Certainly. There can be no question about this. If they gain salvation, which is eternal life, which is exaltation, it means that they are married and live in the family unit. President Joseph Fielding Smith has so stated in plain words, and it is something that must necessarily be so. (See Doctrines of Salvation, 2:49–57.)
Why do some children die and others live? Are those who die better off than those who remain in mortality?
We may rest assured that all things are controlled and governed by Him whose spirit children we are. He knows the end from the beginning, and he provides for each of us the testings and trials which he knows we need. President Joseph Fielding Smith once told me that we must assume that the Lord knows and arranges beforehand who shall be taken in infancy and who shall remain on earth to undergo whatever tests are needed in their cases. This accords with Joseph Smith’s statement: “The Lord takes many away, even in infancy, that they may escape the envy of man, and the sorrows and evils of this present world; they were too pure, too lovely, to live on earth.” (Teachings, pp. 196–97.) It is implicit in the whole scheme of things that those of us who have arrived at the years of accountability need the tests and trials to which we are subject and that our problem is to overcome the world and attain that spotless and pure state which little children already possess.

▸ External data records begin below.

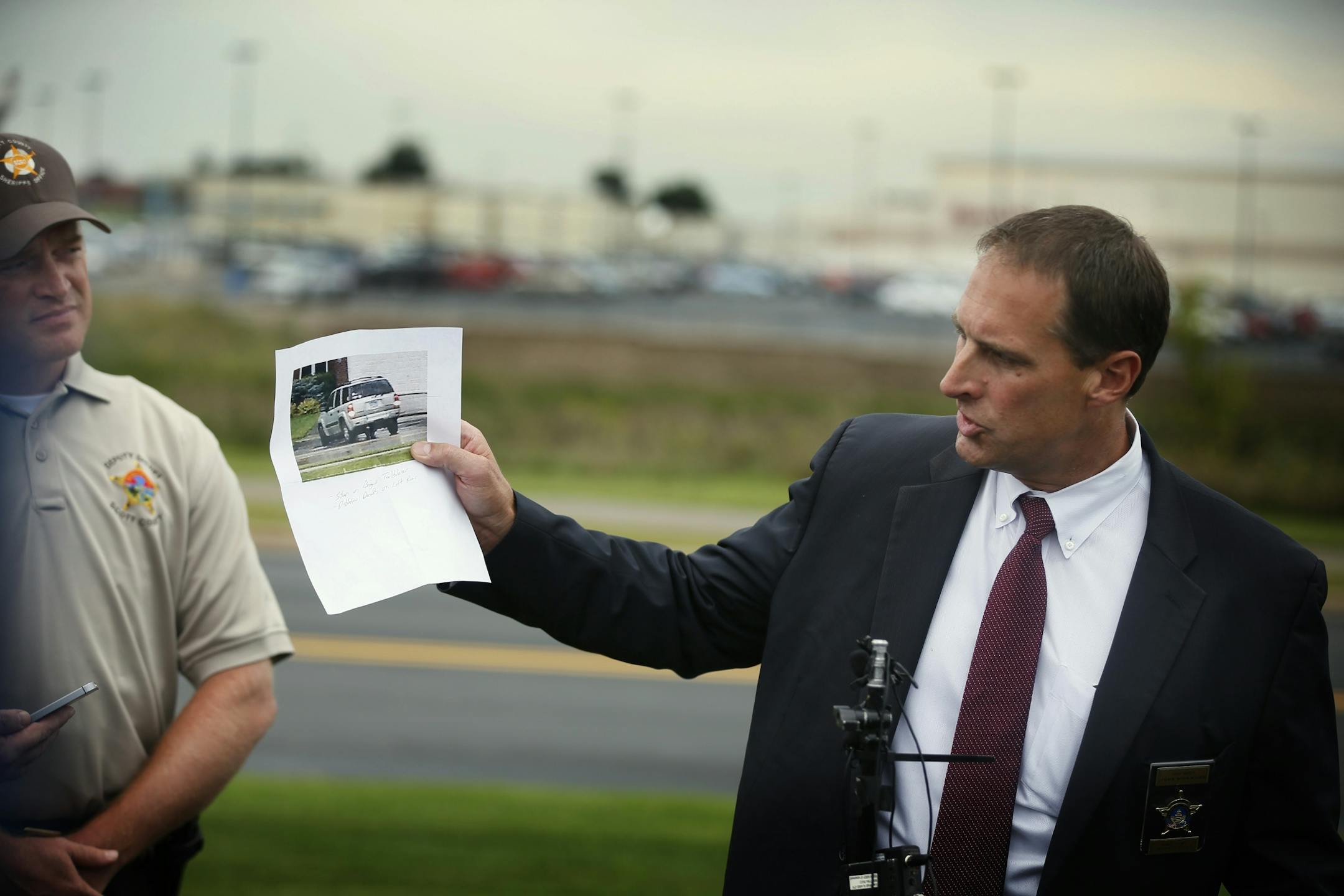 Ramsey County Sheriff chief deputy John Kirkwood held a photograph of a chevy trailblazer. A man who matched the description of murder suspect Ty Hoffman was seen getting in the suv Wednesday September 3 , 2014 in Prior Lake MN .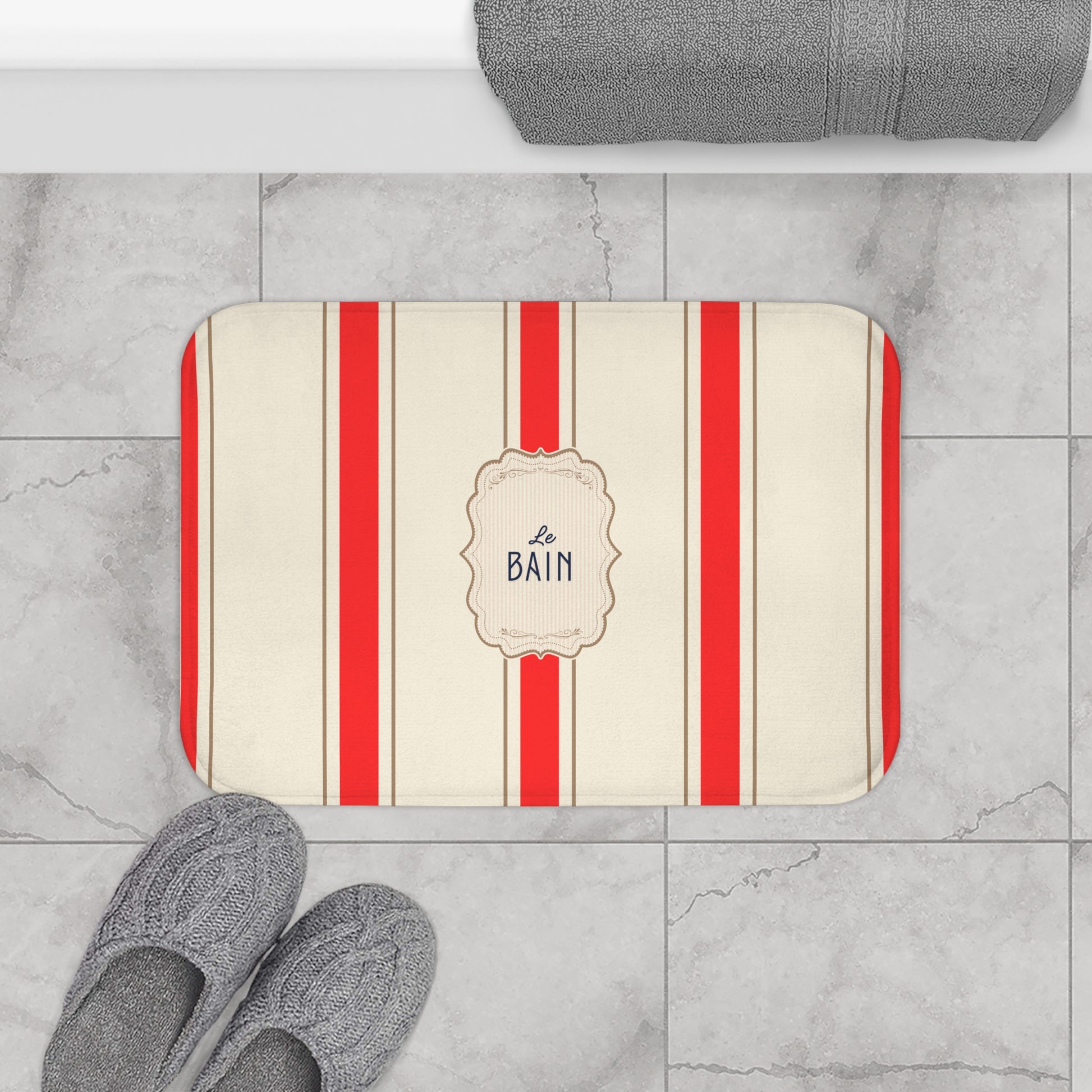 Striped bath mat with 'Le Bain' text on a tiled bathroom floor.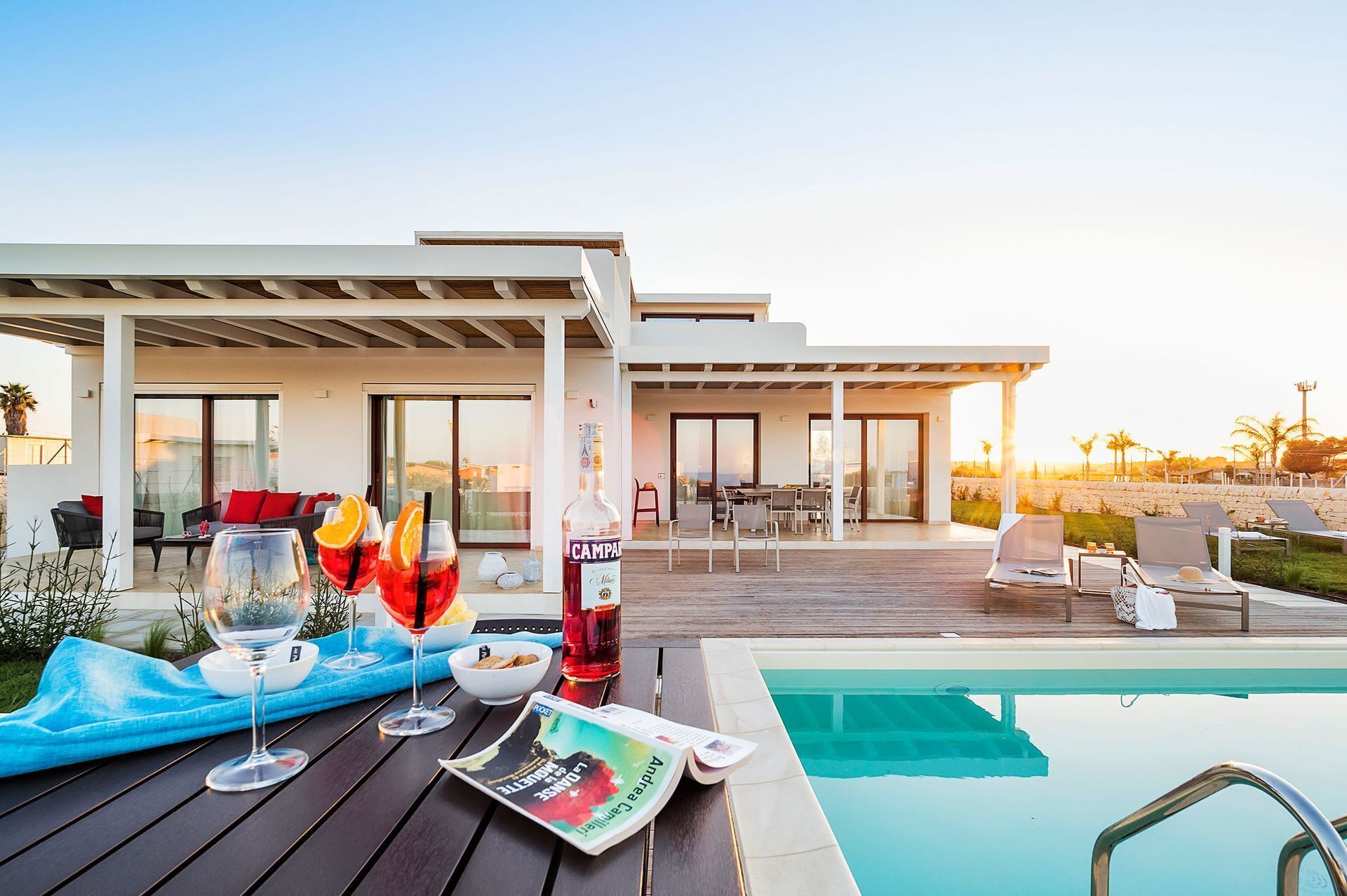 Ein moderner Poolbereich im Freien mit Holzterrasse, Liegestühlen und einer patioartigen Veranda mit Essmöbeln.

How much do children know before their mortal birth about God and the plan of salvation?
Every person born into the world comes from the presence of God. We all saw him in that eternal world. We heard his voice. He taught us his laws. We learned about Christ and chose to follow him when he was chosen to be our Savior and Redeemer. We understood and knew the gospel plan and shouted for joy at the privilege of getting our mortal bodies as part of that great plan of salvation. Returning pure and spotless to their Maker, children—who in reality are adults—will again have that gospel knowledge which once was theirs.
Will children ever be tested?
Absolutely not! Any idea that they will be tested in paradise or during the millennium or after the millennium is pure fantasy. Why would a resurrected being, who has already come forth from the grave with a celestial body and whose salvation is guaranteed, be tested? Would the Lord test someone who cannot fail the test and whose exaltation is guaranteed? For that matter, all those billions of people who will be born during the millennium, when Satan is bound, “shall grow up without sin unto salvation” (D&C 45:58) and therefore will not be tested. “Satan cannot tempt little children in this life, nor in the spirit world, nor after their resurrection. Little children who die before reaching the years of accountability will not be tempted.” (Doctrines of Salvation, 2:56–57.) Such is the emphatic language of President Joseph Fielding Smith.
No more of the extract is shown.